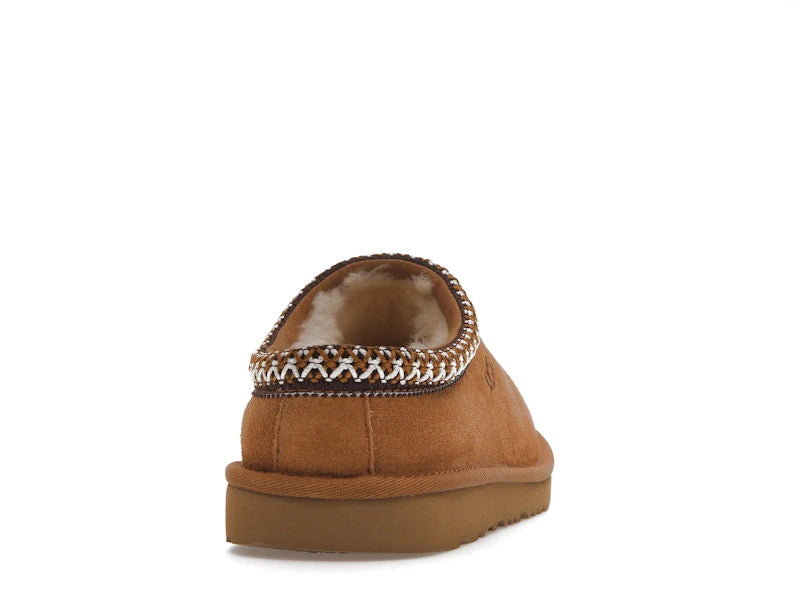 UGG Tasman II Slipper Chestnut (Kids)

==

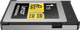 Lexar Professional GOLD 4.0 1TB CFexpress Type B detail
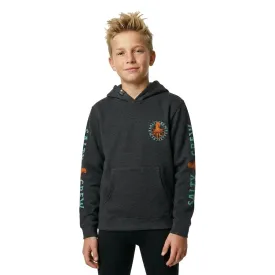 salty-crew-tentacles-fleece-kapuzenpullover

*WHAT THE TASK REQUIRES:* Reproduce the entries exactly, from the line with "Lexar Professional GOLD" to the line with "salty-crew-tentacles-fleece-kapuzenpullover", both lines included, keeping no pictures.

*YOUR RESPONSE:*
 Lexar Professional GOLD 4.0 1TB CFexpress Type B detail
 salty-crew-tentacles-fleece-kapuzenpullover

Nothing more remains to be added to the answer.